### Aim of the task
Images do not belong in the copy. Retype the entries exactly.

Image-caption web data

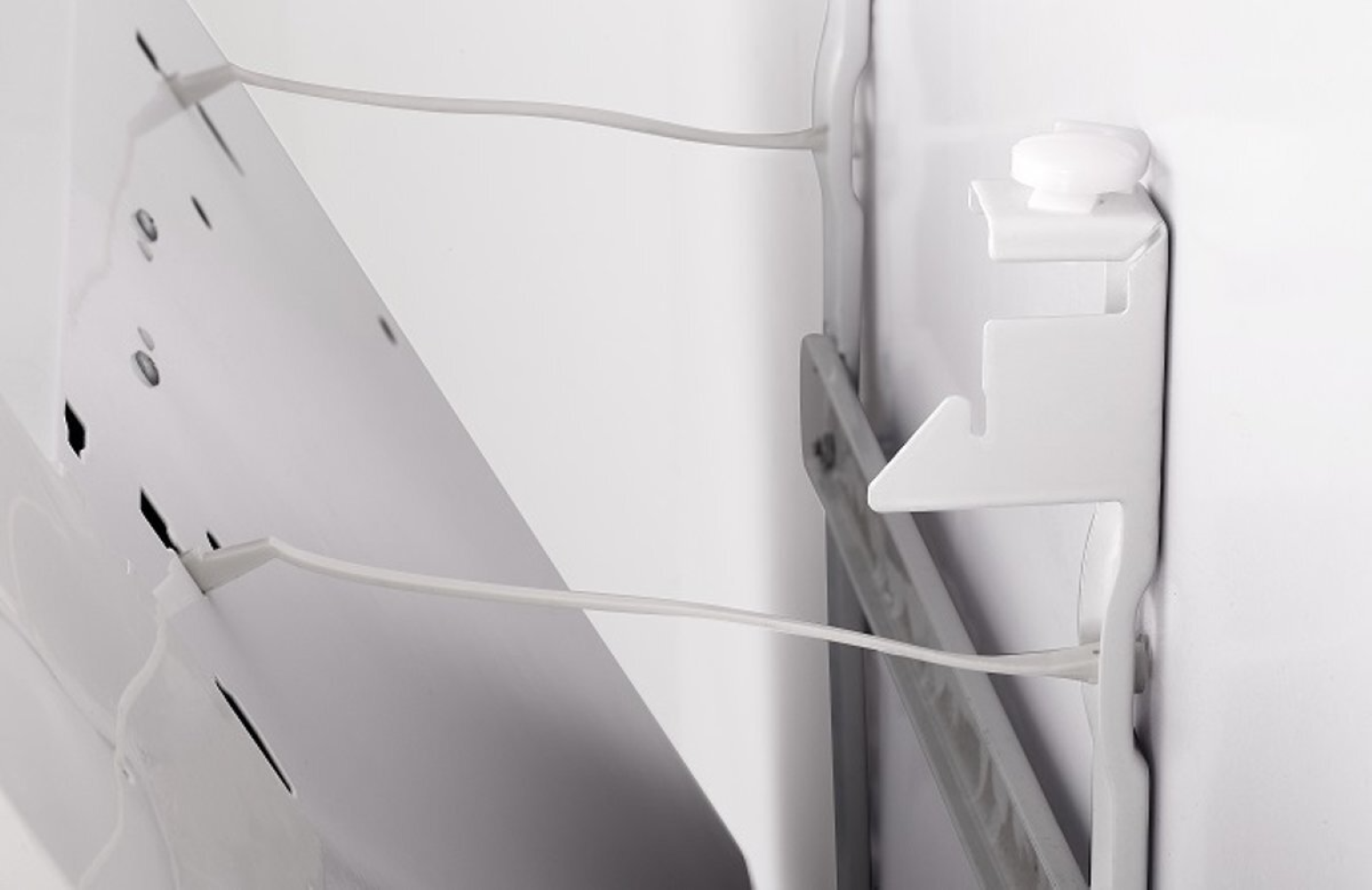 Close-up view of white plastic brackets holding a white surface, with thin wires attached.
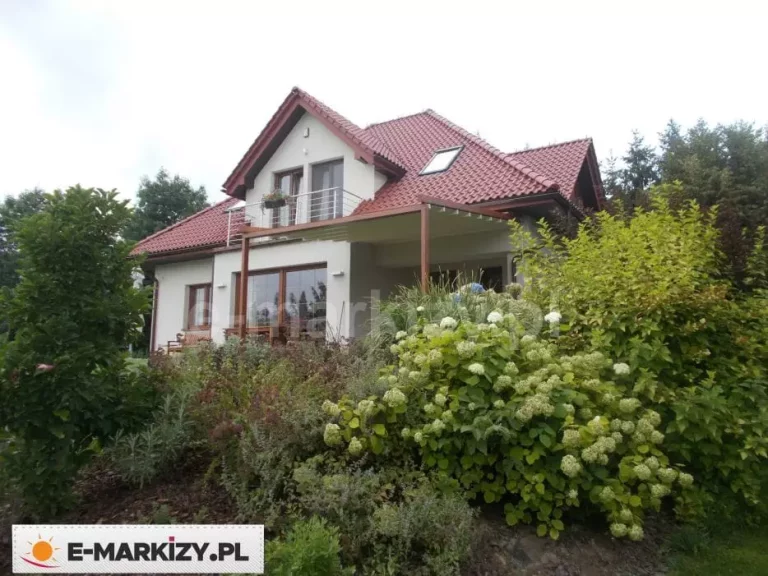 Zdjęcie przedstawia szerokie ujęcie domu jednorodzinnego z zamontowaną przyścienną pergolą tarasową Luxo. Konstrukcja zadaszenia wykonana jest z aluminium w kolorystyce drewna w brązowym odcieniu i została zamocowana bezpośrednio do jasnej elewacji budynku, wspierając się na zewnętrznych słupach nośnych. Pergola posiada ruchome, jasne poszycie tkaninowe, które w tej konfiguracji osłania znaczną część tarasu na parterze. Budynek charakteryzuje się białymi ścianami, dużymi przeszkleniami z brązowymi ramami oraz spadzistym dachem pokrytym czerwoną dachówką ceramiczną z widocznym oknem połaciowym. Na piętrze znajduje się balkon z metalową barierką, usytuowany bezpośrednio nad częścią zadaszenia. Przed tarasem rozciąga się gęsty ogród z licznymi nasadzeniami, w tym kwitnącymi na biało krzewami hortensji, ozdobnymi trawami oraz wyższymi drzewami w tle. Całość kompozycji ukazuje harmonijne połączenie nowoczesnego zadaszenia z klasyczną bryłą domu i naturalnym otoczeniem ogrodowym.
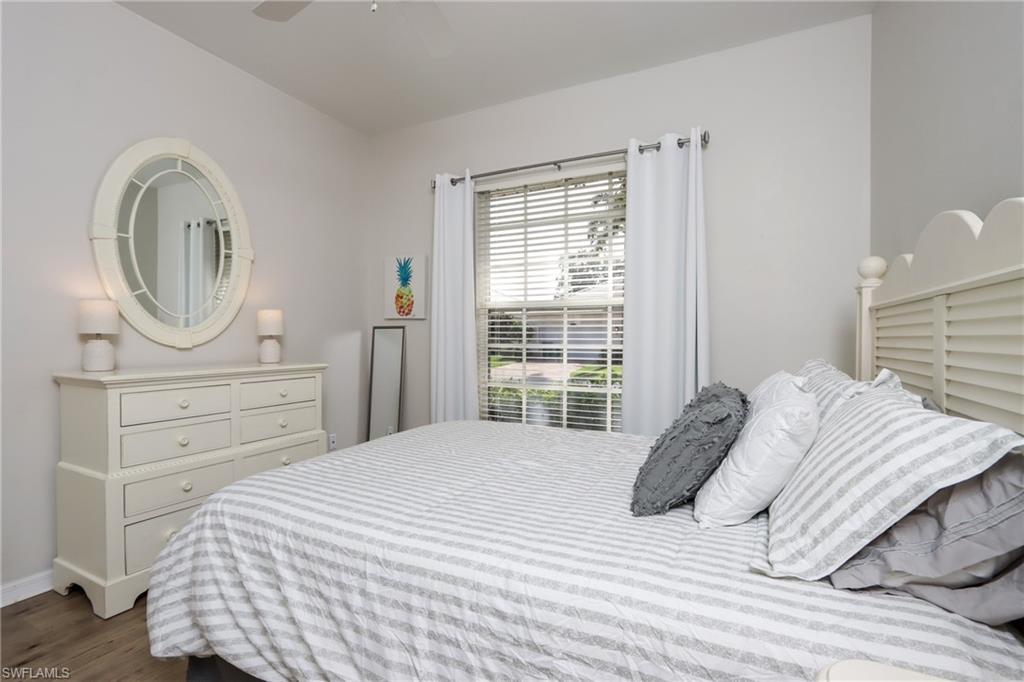 Bedroom featuring dark wood finished floors and ceiling fan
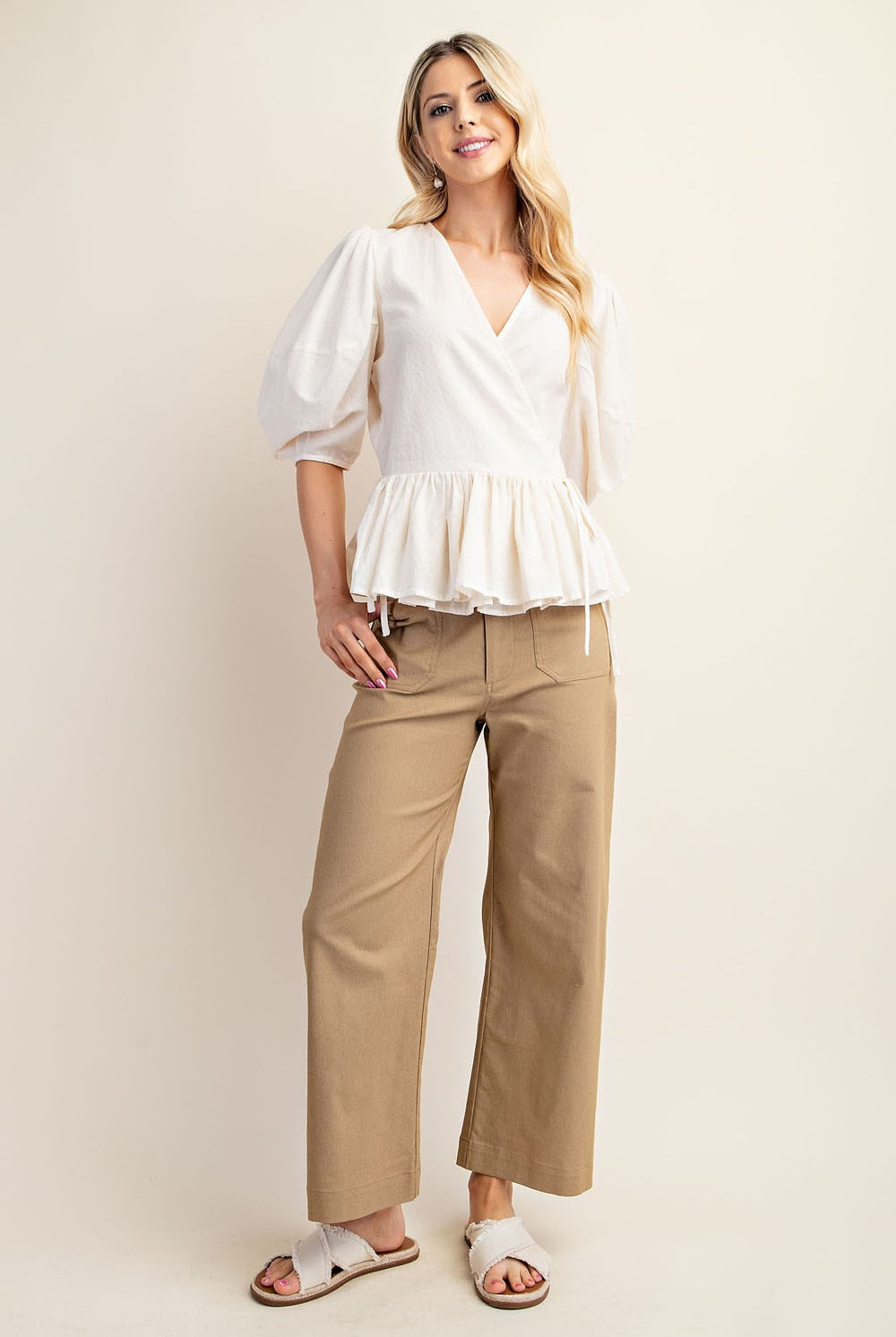 Woman wearing beige ankle cropped pants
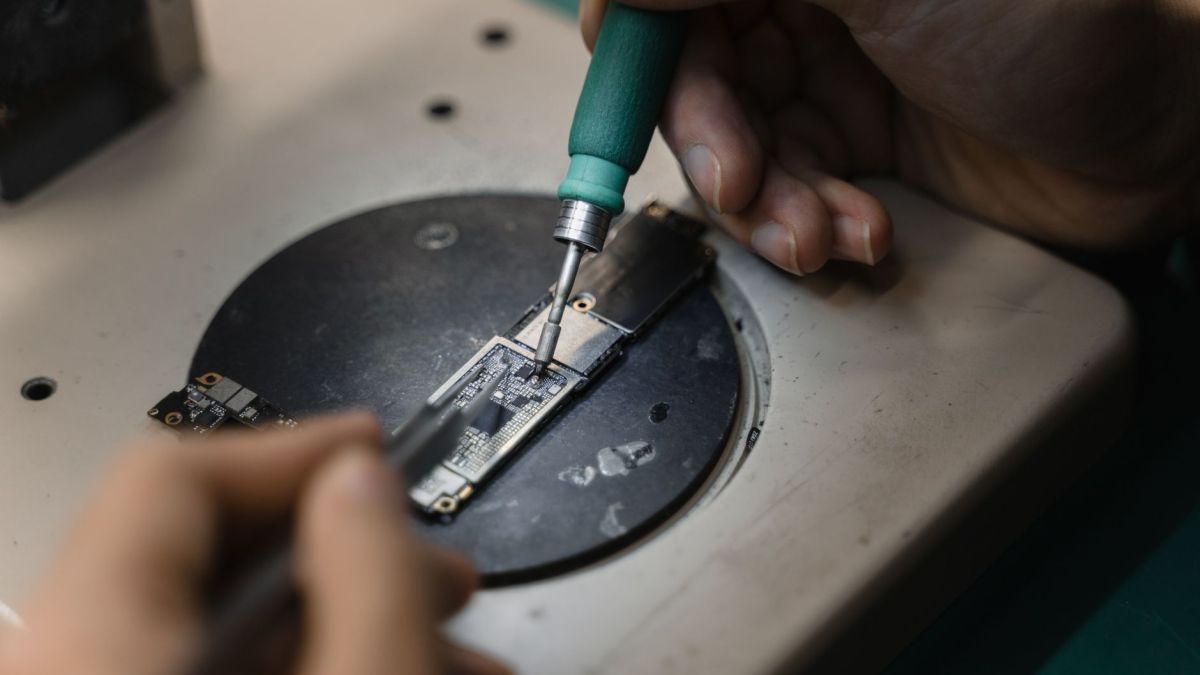 Hands using a soldering iron on circuit board, showcasing precise electronic repair indoors.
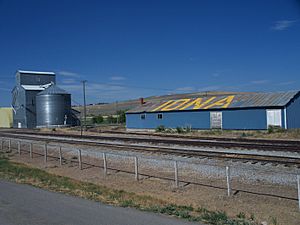 A grain elevator near the train tracks.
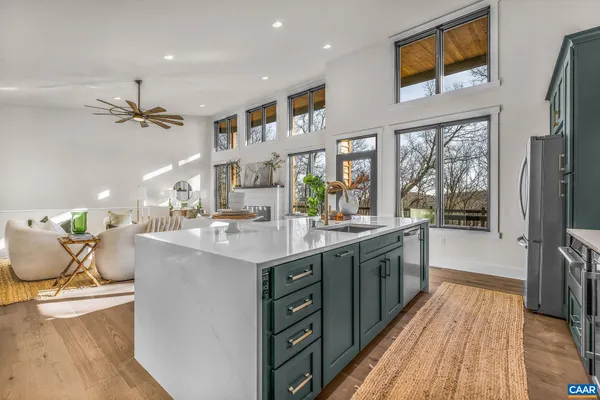 a living room with stainless steel appliances kitchen island granite countertop furniture and a kitchen view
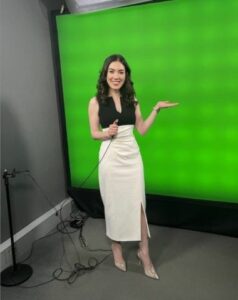 Sabrina standing in front of a green screen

### Solution for this task
 Close-up view of white plastic brackets holding a white surface, with thin wires attached.
 Zdjęcie przedstawia szerokie ujęcie domu jednorodzinnego z zamontowaną przyścienną pergolą tarasową Luxo. Konstrukcja zadaszenia wykonana jest z aluminium w kolorystyce drewna w brązowym odcieniu i została zamocowana bezpośrednio do jasnej elewacji budynku, wspierając się na zewnętrznych słupach nośnych. Pergola posiada ruchome, jasne poszycie tkaninowe, które w tej konfiguracji osłania znaczną część tarasu na parterze. Budynek charakteryzuje się białymi ścianami, dużymi przeszkleniami z brązowymi ramami oraz spadzistym dachem pokrytym czerwoną dachówką ceramiczną z widocznym oknem połaciowym. Na piętrze znajduje się balkon z metalową barierką, usytuowany bezpośrednio nad częścią zadaszenia. Przed tarasem rozciąga się gęsty ogród z licznymi nasadzeniami, w tym kwitnącymi na biało krzewami hortensji, ozdobnymi trawami oraz wyższymi drzewami w tle. Całość kompozycji ukazuje harmonijne połączenie nowoczesnego zadaszenia z klasyczną bryłą domu i naturalnym otoczeniem ogrodowym.
 Bedroom featuring dark wood finished floors and ceiling fan
 Woman wearing beige ankle cropped pants
 Hands using a soldering iron on circuit board, showcasing precise electronic repair indoors.
 A grain elevator near the train tracks.
 a living room with stainless steel appliances kitchen island granite countertop furniture and a kitchen view
 Sabrina standing in front of a green screen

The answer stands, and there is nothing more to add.